Data shown -
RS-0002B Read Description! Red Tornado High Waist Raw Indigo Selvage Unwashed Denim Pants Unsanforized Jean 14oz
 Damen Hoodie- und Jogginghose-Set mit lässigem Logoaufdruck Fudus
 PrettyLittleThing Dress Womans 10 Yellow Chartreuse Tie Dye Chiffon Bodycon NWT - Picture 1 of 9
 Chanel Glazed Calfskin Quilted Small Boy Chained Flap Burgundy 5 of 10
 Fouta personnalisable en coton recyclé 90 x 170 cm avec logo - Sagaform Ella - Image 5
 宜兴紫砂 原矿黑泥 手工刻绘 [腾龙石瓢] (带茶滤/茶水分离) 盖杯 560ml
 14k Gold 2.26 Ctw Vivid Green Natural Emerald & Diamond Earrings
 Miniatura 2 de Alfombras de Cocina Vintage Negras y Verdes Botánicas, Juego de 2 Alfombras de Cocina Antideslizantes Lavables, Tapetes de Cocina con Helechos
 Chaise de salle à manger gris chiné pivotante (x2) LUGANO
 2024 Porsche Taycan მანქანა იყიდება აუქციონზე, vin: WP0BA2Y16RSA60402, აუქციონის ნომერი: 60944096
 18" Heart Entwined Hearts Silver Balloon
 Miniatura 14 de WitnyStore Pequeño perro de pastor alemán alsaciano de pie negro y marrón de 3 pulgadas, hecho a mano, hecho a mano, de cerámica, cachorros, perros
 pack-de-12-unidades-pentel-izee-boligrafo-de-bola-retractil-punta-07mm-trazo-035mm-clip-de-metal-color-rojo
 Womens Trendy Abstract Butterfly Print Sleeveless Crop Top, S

Aim of the task -
Produce a verbatim copy of each record above.

Exercise response -
RS-0002B Read Description! Red Tornado High Waist Raw Indigo Selvage Unwashed Denim Pants Unsanforized Jean 14oz
 Damen Hoodie- und Jogginghose-Set mit lässigem Logoaufdruck Fudus
 PrettyLittleThing Dress Womans 10 Yellow Chartreuse Tie Dye Chiffon Bodycon NWT - Picture 1 of 9
 Chanel Glazed Calfskin Quilted Small Boy Chained Flap Burgundy 5 of 10
 Fouta personnalisable en coton recyclé 90 x 170 cm avec logo - Sagaform Ella - Image 5
 宜兴紫砂 原矿黑泥 手工刻绘 [腾龙石瓢] (带茶滤/茶水分离) 盖杯 560ml
 14k Gold 2.26 Ctw Vivid Green Natural Emerald & Diamond Earrings
 Miniatura 2 de Alfombras de Cocina Vintage Negras y Verdes Botánicas, Juego de 2 Alfombras de Cocina Antideslizantes Lavables, Tapetes de Cocina con Helechos
 Chaise de salle à manger gris chiné pivotante (x2) LUGANO
 2024 Porsche Taycan მანქანა იყიდება აუქციონზე, vin: WP0BA2Y16RSA60402, აუქციონის ნომერი: 60944096
 18" Heart Entwined Hearts Silver Balloon
 Miniatura 14 de WitnyStore Pequeño perro de pastor alemán alsaciano de pie negro y marrón de 3 pulgadas, hecho a mano, hecho a mano, de cerámica, cachorros, perros
 pack-de-12-unidades-pentel-izee-boligrafo-de-bola-retractil-punta-07mm-trazo-035mm-clip-de-metal-color-rojo
 Womens Trendy Abstract Butterfly Print Sleeveless Crop Top, S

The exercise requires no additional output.